Problem requirements:
The entries below are to be reproduced exactly, with their pictures omitted.

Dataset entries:
○ ○ ○ ○ ○ ○ ○
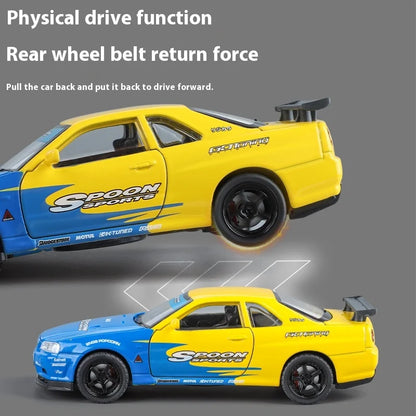 1:32 Nissan GTR Skyline R32 Paint Simulation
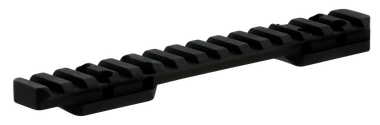 Talley POO252735 Browning X-Bolt Picatinny RailBlack Anodized Short Action 0 MOA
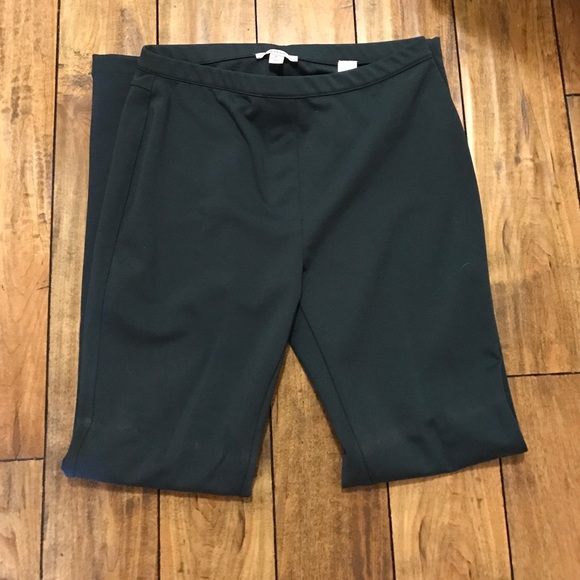 Isaac Mizrahi green pants
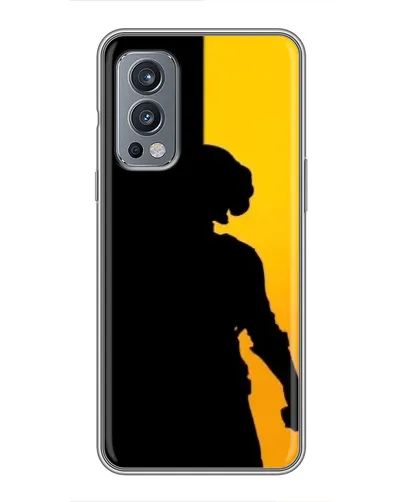 Чохол для OnePlus Nord 2 з картинкою «Тінь воїна PUBG»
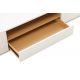 Comode - Comoda TV suspendata LOFT 150cm natur/ alb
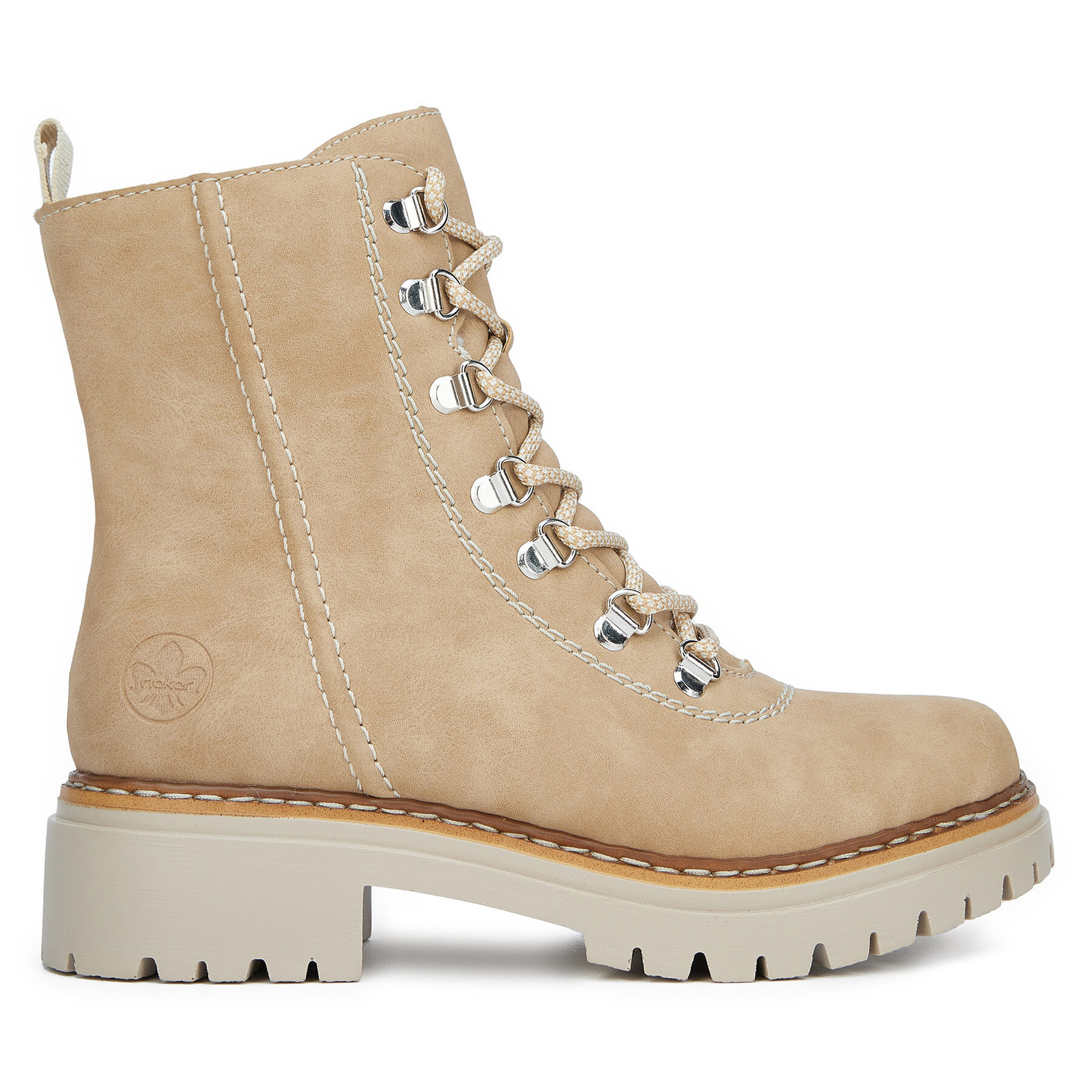 Schnürschuhe Rieker 72643-60 Beige Schnürschuhe Rieker 72643-60 Beige von Rieker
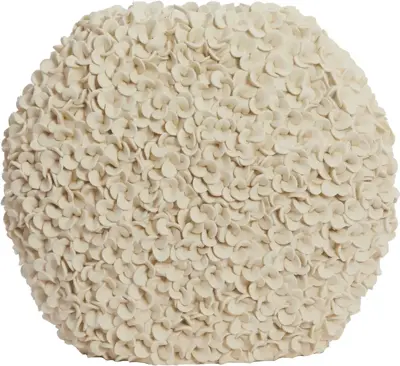 Light & Living vaas polyresin phylia 52x23x46.5cm crème - afbeelding 1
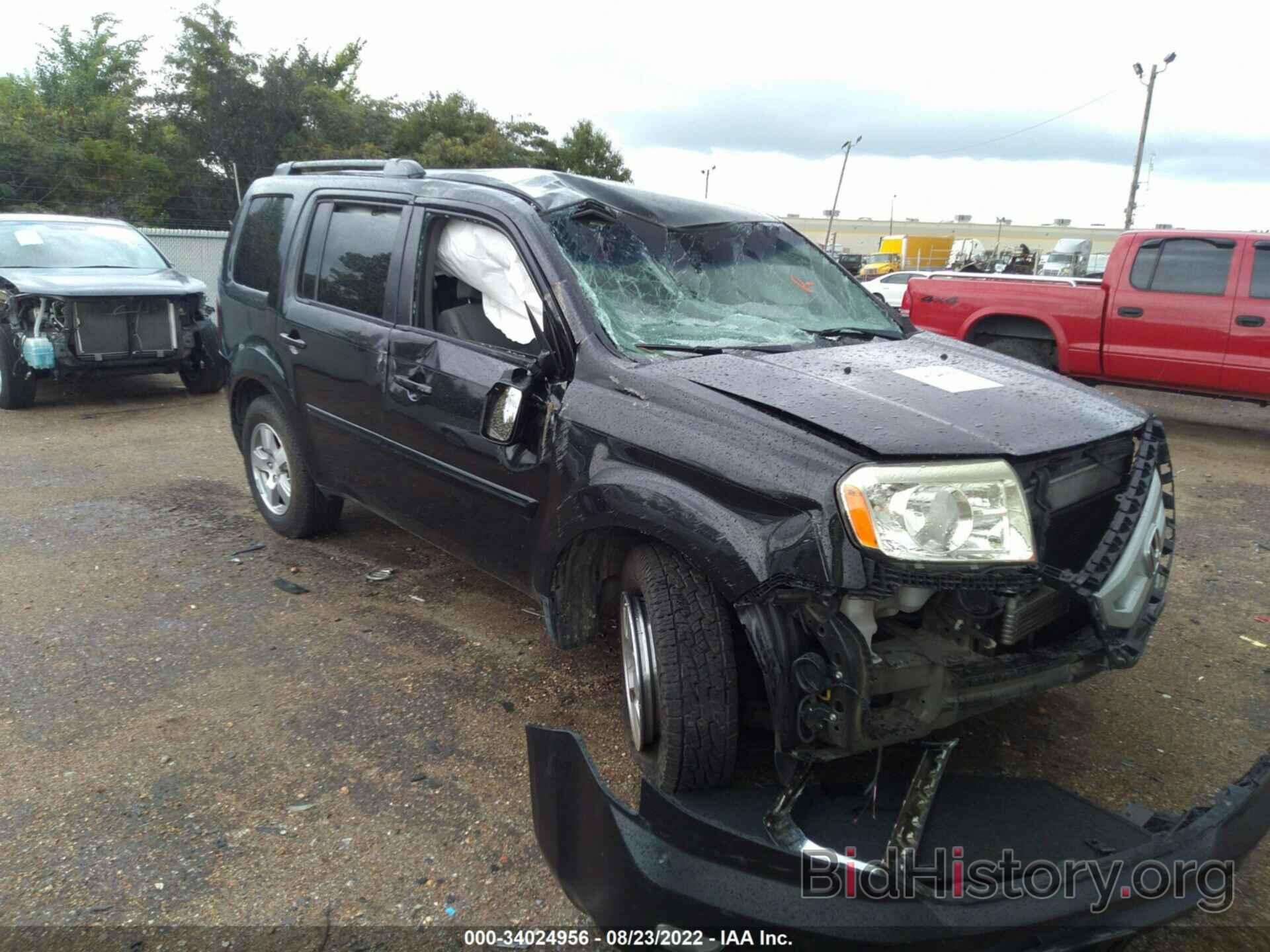 Фотография 5FNYF3H43BB007491 - HONDA PILOT 2011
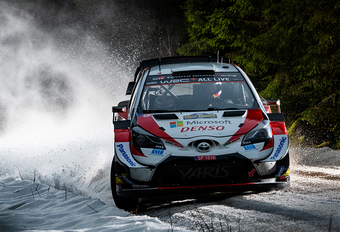 Evans wint Rally van Zweden, Neuville slechts zesde #1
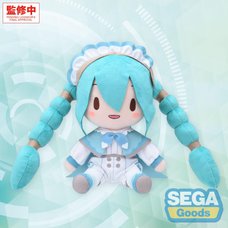Hatsune Miku: Wandering Minstrel Ver. Fuwapuchi Plushie M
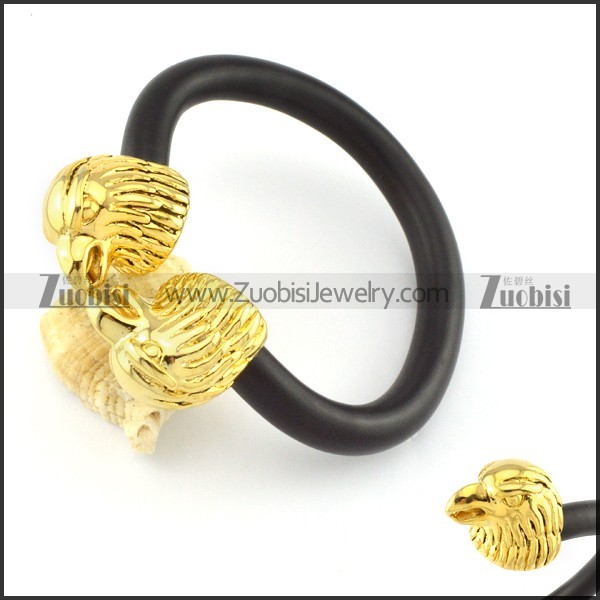 Stainless Steel Mandarin Duck Bracelet -b000867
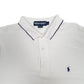 Mens White Polo Ralph Lauren Golf  Polo Shirt
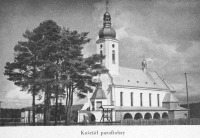 Брюховичи - Брюховичі.  Костел парафіяльний..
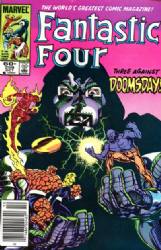 The Fantastic Four [Marvel] (1961) 259 (Newsstand Edition)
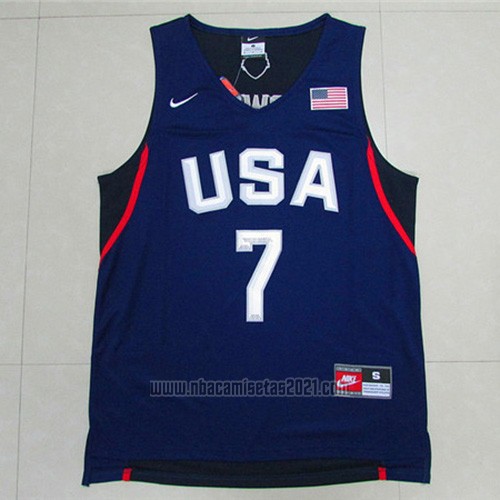 Camiseta USA 2016 Kyle Lowry #7 Azul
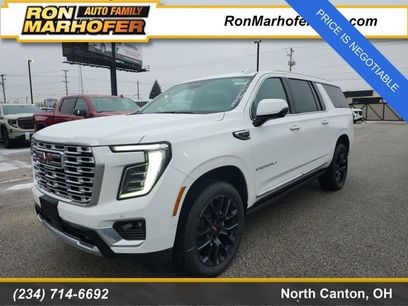 New 2026 GMC Yukon XL Denali w/ Sun & Power Step Package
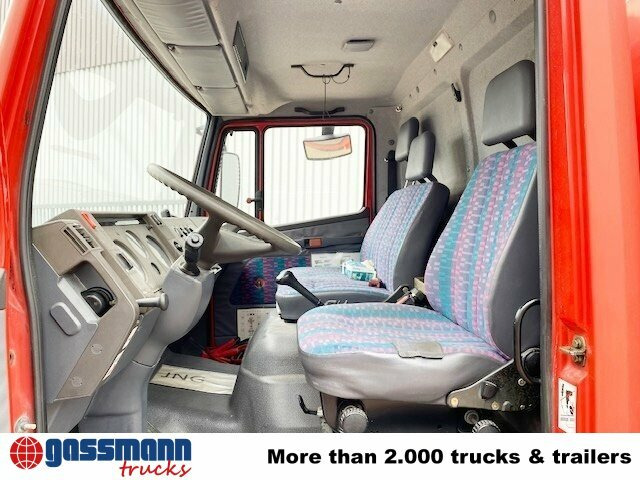 Mercedes-Benz LK 814 F 4x2, Ziegler RW1, 6-Zylinder Motor - Xe tải cứu hỏa: hình 4 Mercedes-Benz LK 814 F 4x2, Ziegler RW1, 6-Zylinder Motor - Xe tải cứu hỏa: hình 4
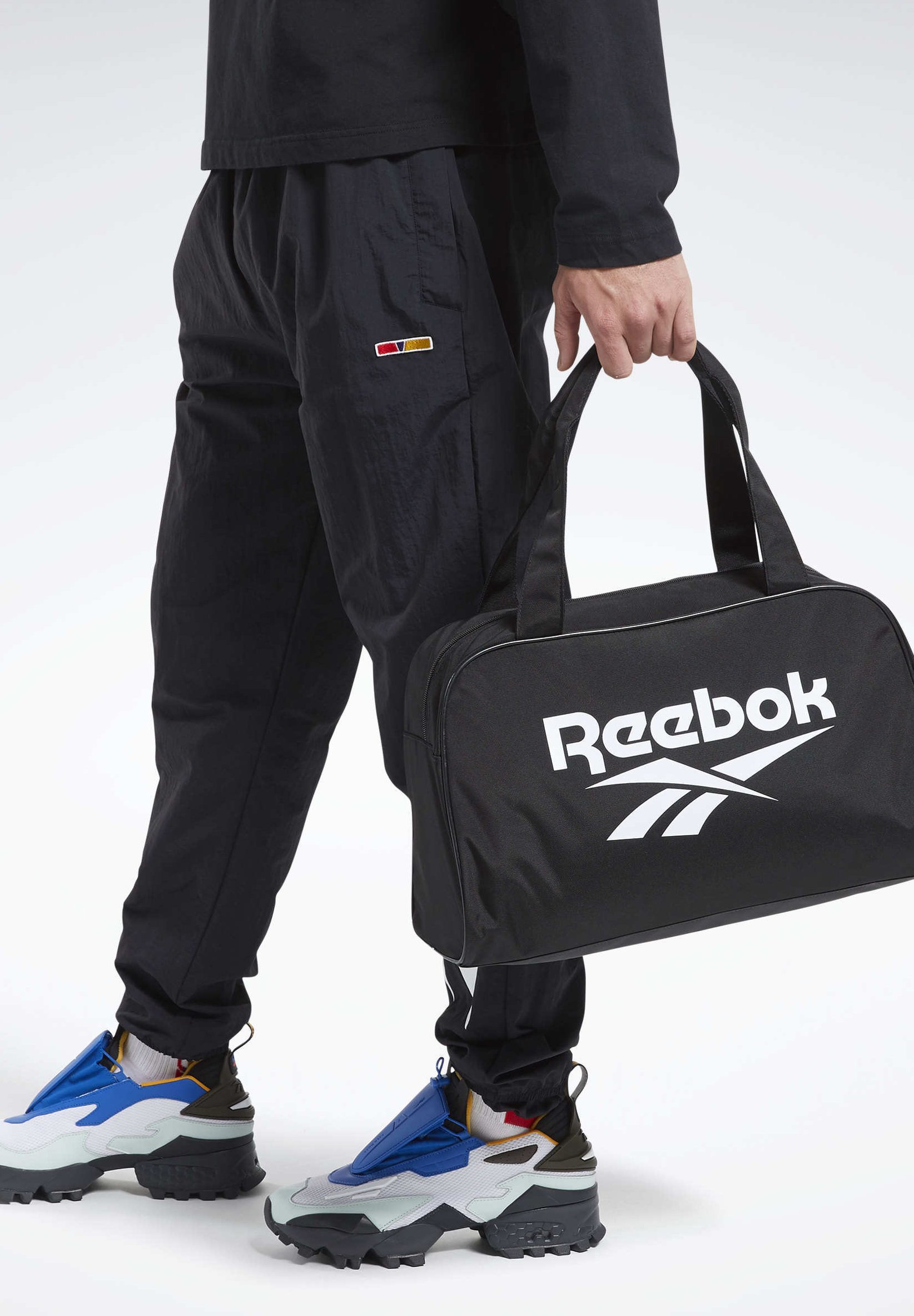 Reebok black duffle bag Clearance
○ ○ ○ ○ ○ ○ ○
Response to this task:
 1:32 Nissan GTR Skyline R32 Paint Simulation
 Talley POO252735 Browning X-Bolt Picatinny RailBlack Anodized Short Action 0 MOA
 Isaac Mizrahi green pants
 Чохол для OnePlus Nord 2 з картинкою «Тінь воїна PUBG»
 Comode - Comoda TV suspendata LOFT 150cm natur/ alb
 Schnürschuhe Rieker 72643-60 Beige Schnürschuhe Rieker 72643-60 Beige von Rieker
 Light & Living vaas polyresin phylia 52x23x46.5cm crème - afbeelding 1
 Фотография 5FNYF3H43BB007491 - HONDA PILOT 2011
 Evans wint Rally van Zweden, Neuville slechts zesde #1
Hatsune Miku: Wandering Minstrel Ver. Fuwapuchi Plushie M
 Stainless Steel Mandarin Duck Bracelet -b000867
 Mens White Polo Ralph Lauren Golf  Polo Shirt
 Брюховичи - Брюховичі.  Костел парафіяльний..
 The Fantastic Four [Marvel] (1961) 259 (Newsstand Edition)
 Camiseta USA 2016 Kyle Lowry #7 Azul
 New 2026 GMC Yukon XL Denali w/ Sun & Power Step Package
 Mercedes-Benz LK 814 F 4x2, Ziegler RW1, 6-Zylinder Motor - Xe tải cứu hỏa: hình 4 Mercedes-Benz LK 814 F 4x2, Ziegler RW1, 6-Zylinder Motor - Xe tải cứu hỏa: hình 4
 Reebok black duffle bag Clearance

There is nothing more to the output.